Single Low Dose of Human Recombinant Antithrombin (ATryn) has no Impact on Endotoxin-Induced Disseminated Intravascular Coagulation: An Experimental Randomized Open Label Controlled Study.

Background: Antithrombin (AT) III physiological levels are decreased during septic shock and supplementation therapy could therefore be beneficial.

Objective: We hypothesized that the use of recombinant human AT could reduce disseminated intravascular coagulation (DIC) occurrence.
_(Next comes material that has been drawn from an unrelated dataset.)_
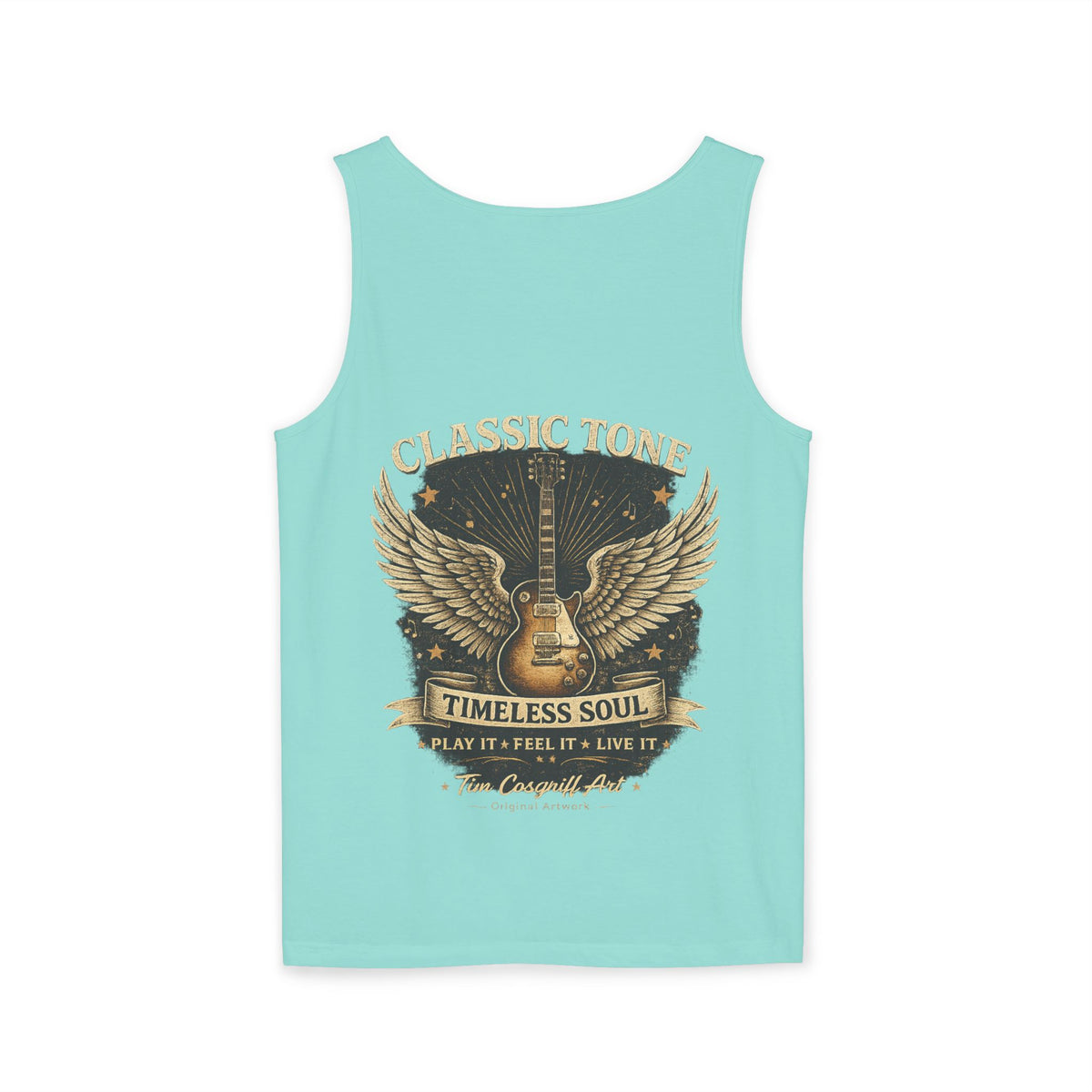 Alvin Lee at Woodstock Tank Top Unisex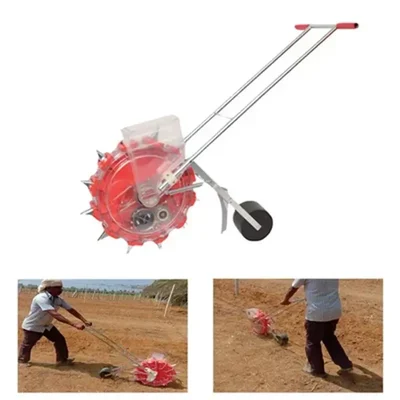 Urja Agricare Premium Quality Single Barrel Manual Seed Drill Machine/Dibbler For Seed Planting for Agriculture Purposes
Methods: We conducted a randomized open label controlled experimental study. Ten female "Large White" pigs were challenged with i.v. infusion of Escherichia coli endotoxin. Two groups of 5 pigs were randomly assigned to receive either recombinant human AT 100 U/kg over 30 min (ATryn group) or 0.9% saline (control group). AT III levels, coagulation, hemostasis, inflammation parameters, hemodynamics, and microcirculatory parameters were measured over a 5-h period. Immediately after euthanasia, kidneys were withdrawn for histology evaluation. Statistical analysis was performed with nonparametric tests and Dunn's test for multiple comparisons.

Results: AT III activity was significantly higher in the ATryn group than in the control group from 60% (213% [203-223] vs. 104% [98-115], P = 0.008, respectively) to 300 min (115% [95-124] vs. 79% [67-93], P = 0.03). Recombinant human AT supplementation had no impact on hemodynamics, microcirculatory parameters, and sequential changes of coagulation parameters (platelet count, fibrinogen level, thrombin-AT complexes, and von Willebrand factor). Interleukin 6 and tumor necrosis factor α values were statistically the same for both groups throughout the study. Percentage of thrombosed glomeruli and percentage of thrombosed capillary in glomerulus were not significantly different between both groups.

Conclusions: In our model of endotoxic shock, a single low dose of recombinant human AT did not prevent DIC occurrence, severity, inflammatory profile, or hemodynamic alterations.